═══ DATA SECTION

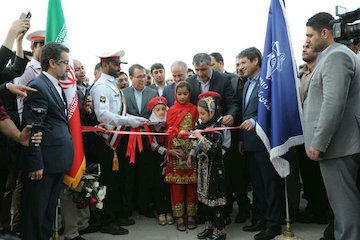 بهرهبرداری از دو پروژه افزایش ظرفیت آب شیرین و درمانگاه بندر شهید بهشتی چابهار افتتاح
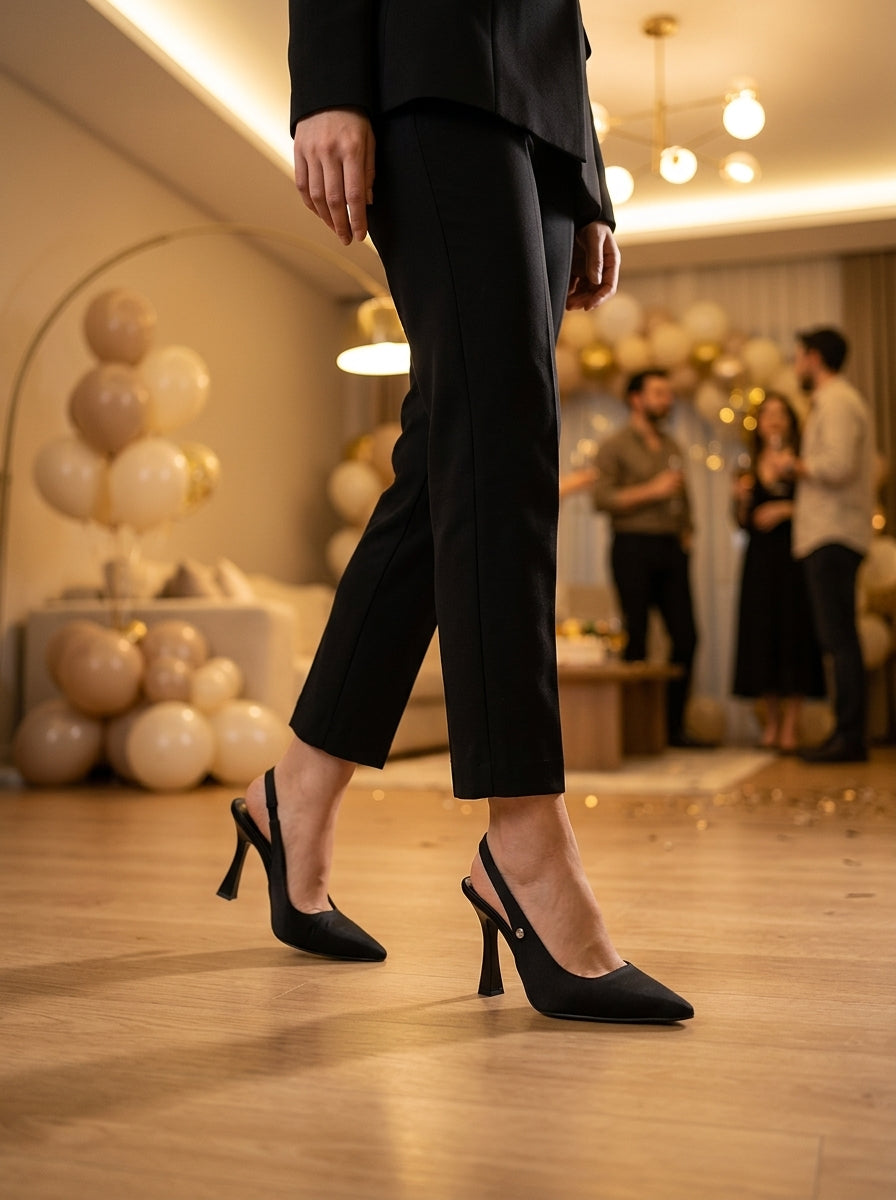 Margaret Esnek Yumuşak Kaymaz Taban (10 cm) Siyah Süet Açık Lastikli Kadın Kalın Topuklu Ayakkabı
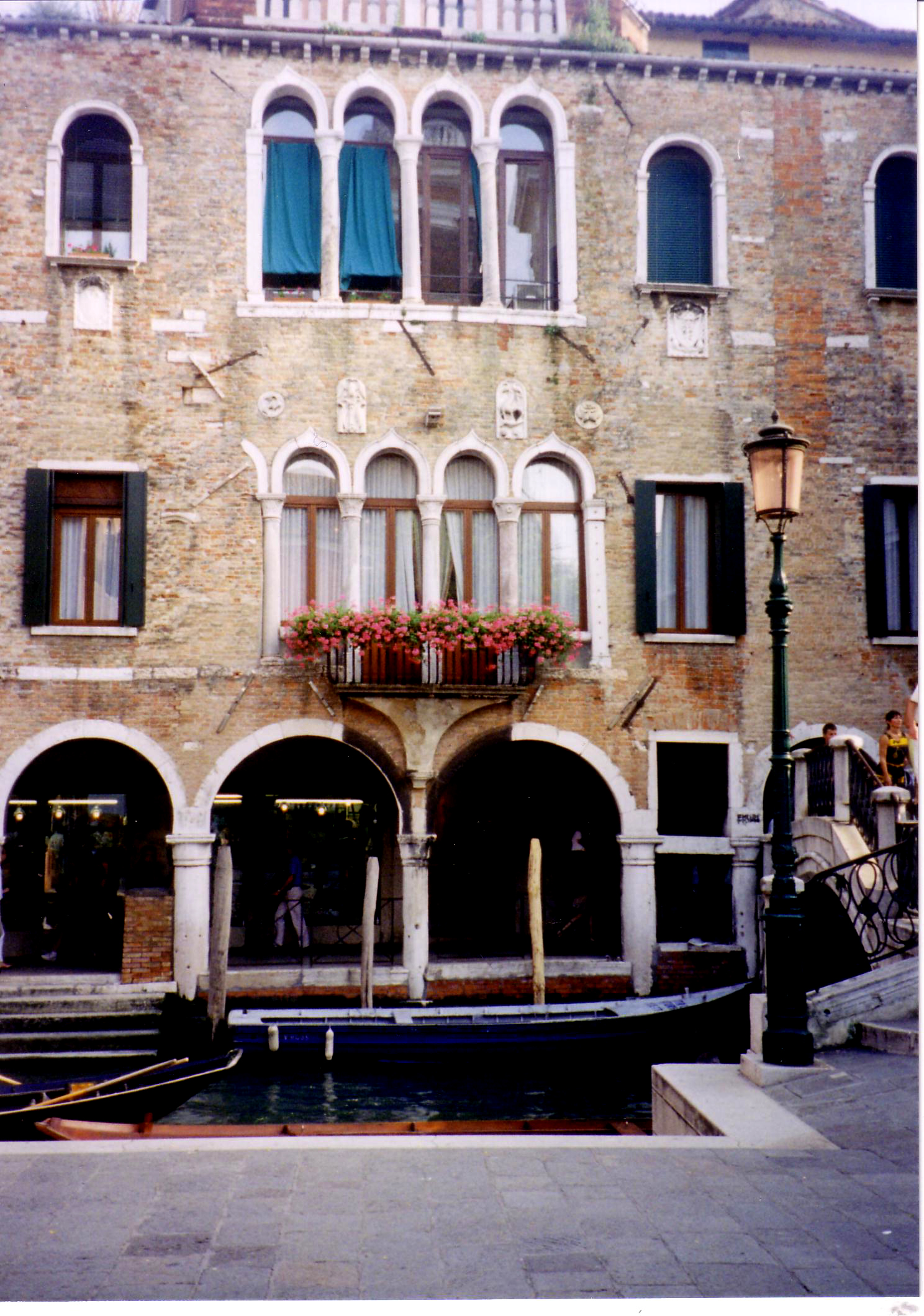 154.jpg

══════

A word-for-word repeat of the lines from the line with "Margaret Esnek Yumuşak" to the last line of the data, both ends included and pictures left out, is all that should appear.

■ OUTPUT BELOW
 Margaret Esnek Yumuşak Kaymaz Taban (10 cm) Siyah Süet Açık Lastikli Kadın Kalın Topuklu Ayakkabı
 154.jpg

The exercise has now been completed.